Today’s Women’s Empowerment Initiative update comes from Haitian partner Fabienne Jean and FONDAMA. We first learned about FONDAMA when Fabienne spoke to a local network here in Asheville, North Carolina (USA) as part of the Presbyterian Hunger Program’s stateside planning efforts — a rare and welcomed opportunity to meet a partner! Since then, Seed Programs International Program Manager Naima Dido and FONDAMA coordinator Fabienne have been identifying ways that FONDAMA and our partners in the SPI Haiti Partnership Network can work together.
FONDAMA and their member organizations work toward food sovereignty by addressing the root causes of poverty in Haiti, including the promotion of cooperative agriculture, access to land and clean water, and education. Fabienne Jean coordinates FONDAMA’s grassroots network of farmer organizations throughout Haiti and advocates for their communities. FONDAMA is not only led by a powerful woman — their programs prioritize access to resources for women who have children, and for the poorest farmers who have lost everything to natural disasters that are increasingly amplified by climate change. By prioritizing access for women, they are putting power back in the hands of mothers to improve their child’s and family’s nutrition.
FONDAMA’s vision is large and long-term, intended to build a strong foundation for future generations. This is not easy work. They must adapt to the on-the-ground challenges that emerge in the wake of each disaster.
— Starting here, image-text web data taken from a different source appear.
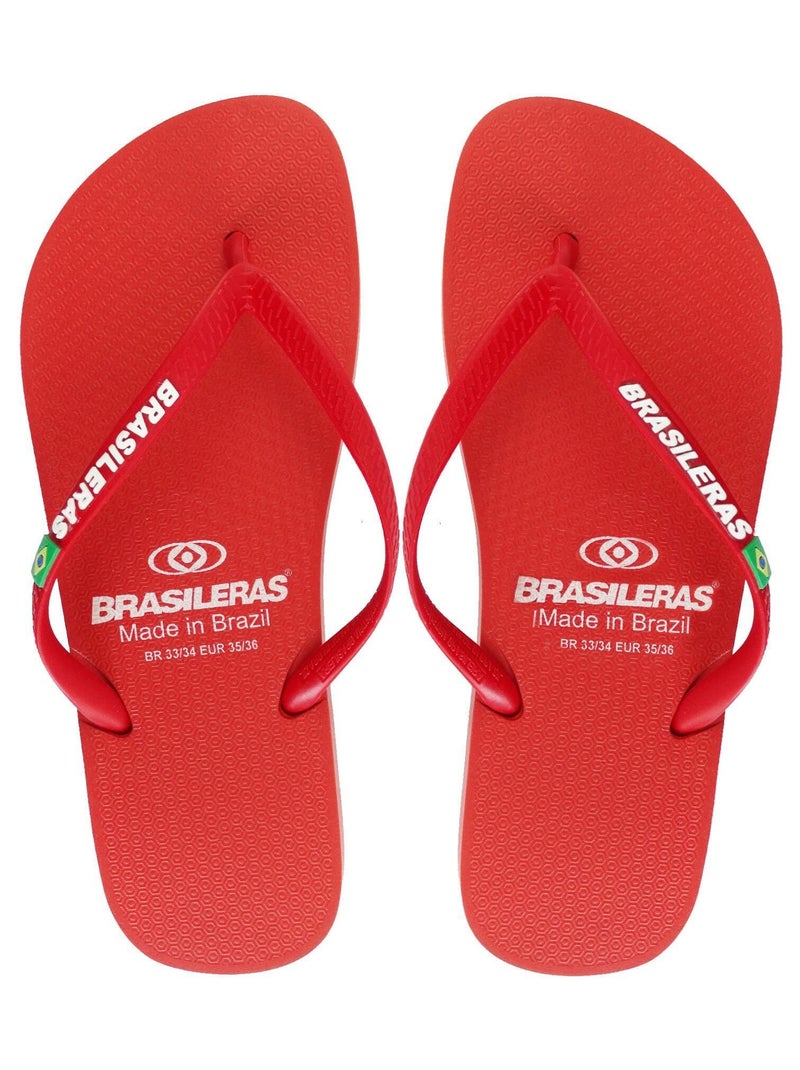 Chanclas de playa de mujer Brasileras con suela de goma Rojo - Kiabi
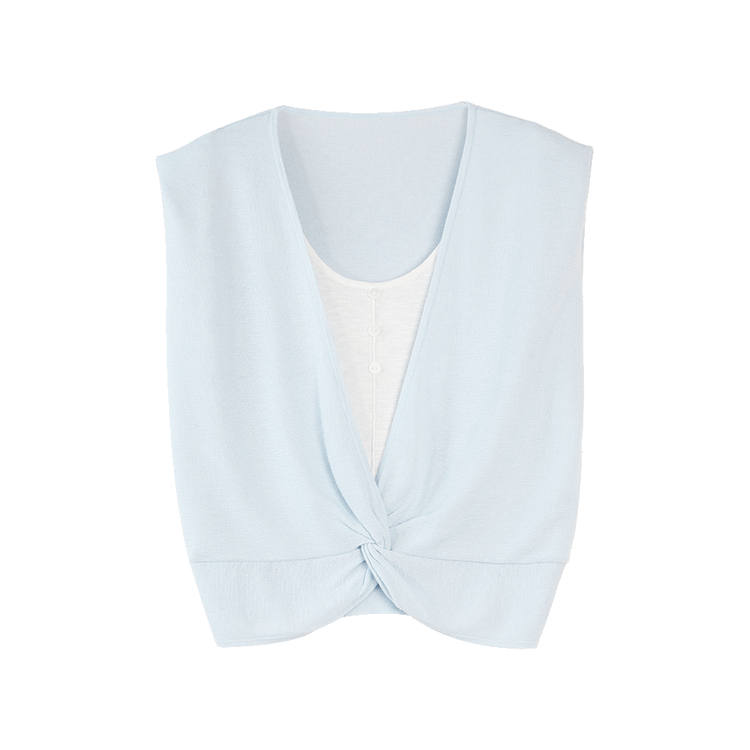 ELLE Knitwear Women's Blue Thin Mock Two Piece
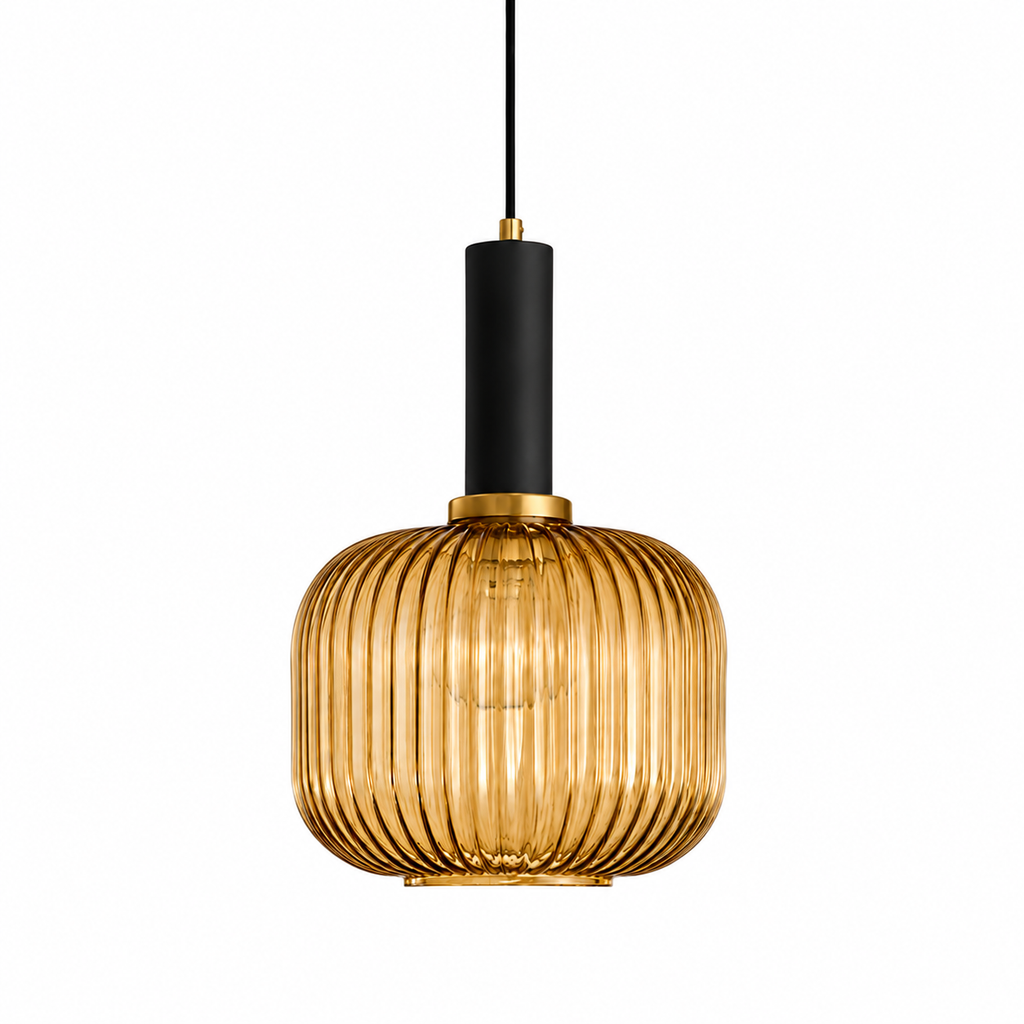 Nordic Ribbed Glass Pendant Light – Kitchen Island Hanging Light, E27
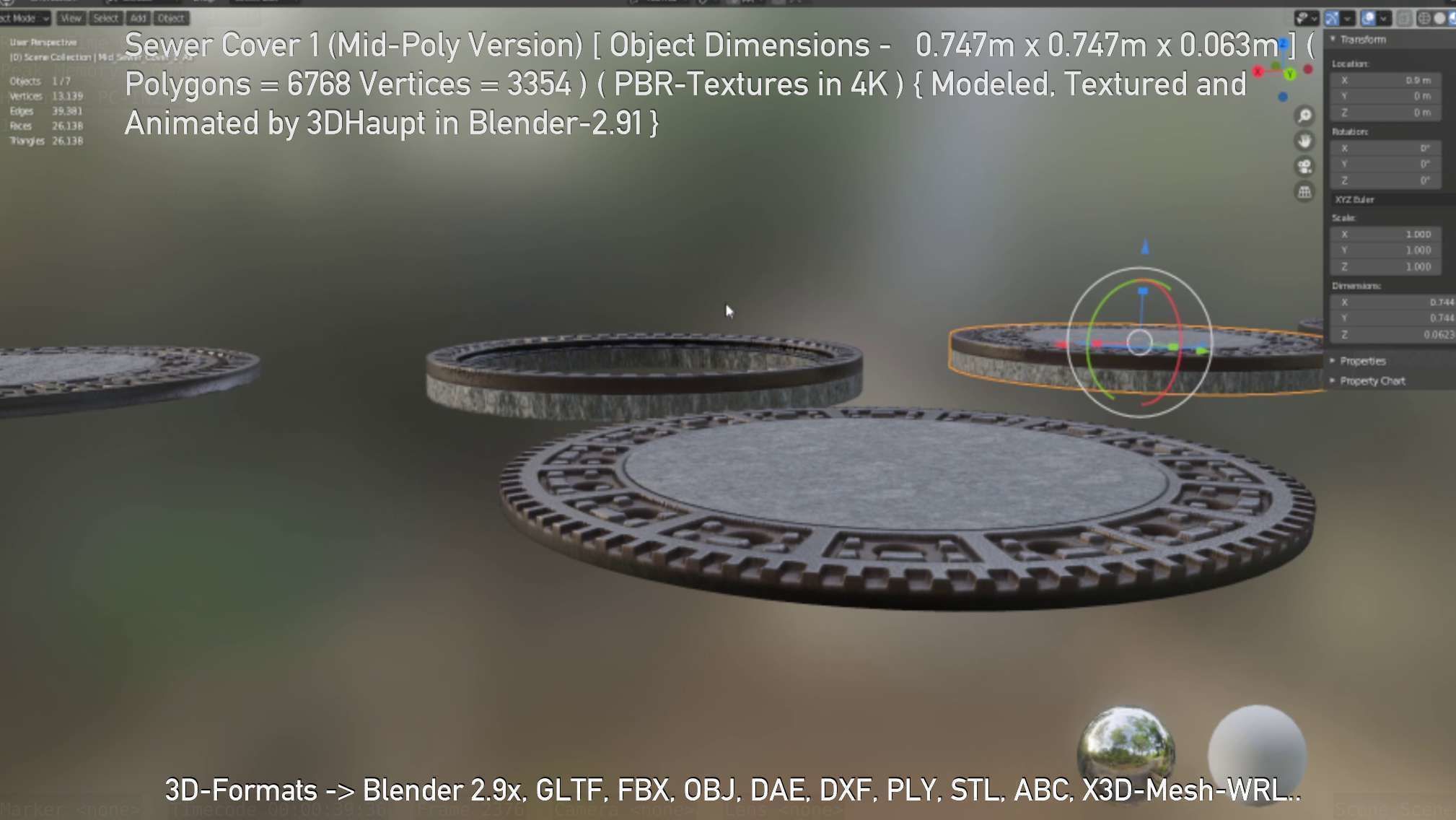 Sewer Cover 1 Mid-Poly Version Low-poly 3D model_148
Damaged infrastructure, worsened by recurring storms, means that partners can’t rely on traditional supply channels. FONDAMA and other SPI partners must innovate to accomplish some of the most basic agricultural tasks, like finding protected spaces to sow seeds and grow seedlings.
Fabienne says, “Right now, we have a lot of problems with the effects of climate change. We can have a lot of rain or a long drought season. Also, the reconstruction of roads and other infrastructure damaged by Hurricane Matthew [in 2016] has been slow and is ongoing.
“Since the hurricane, FONDAMA has put tremendous effort into training communities to change their old farming practices so they can be more resilient at the time of floods and other natural disasters. The seeds from SPI were very helpful. A partnership like SPI is very important to us because the lack of access to good seed is the biggest reason people do not grow vegetables here. When the seed is not good, people work so hard in the gardens and farms and get nothing but failure for their hard work. This kills the morale.
“The seeds grew in some areas where people were already familiar with growing vegetables, but not in all places that we gave them because of poor soil health, lack of water access, and other challenges. In response to the garden failures, we started a yard garden program that is designed to withstand flooding and wind.
“We trained the communities to turn tires inside out, put soil and compost in it, and grow their vegetable garden in the tires, which contain the soil securely against erosion. Tires are one solution, but we are also working on raised bed systems to plant seedlings that will not be washed away by flooding. We will use future seeds received from SPI to grow the seedlings.”
Working collectively, FONDAMA’s programs adapt to address people’s needs from the ground up. Not only do they identify what is needed for success, but they also assess what hasn’t worked and create solutions that are appropriate to a community’s specific context. FONDAMA is a Haitian Creole acronym fashioned from Fondasyon Men Lan Men Ayiti, which is translated to Hand-in-Hand Haiti Foundation. This is appropriate since they are on the ground, hand-in-hand with the farmers and families in their communities.
Thanks to your support of Sweet Blossom Gifts and the Women’s Empowerment Initiative, Fabienne has SPI seed for FONDAMA’s communities. We’re grateful for your support, and for the support of Sweet Blossom Gifts!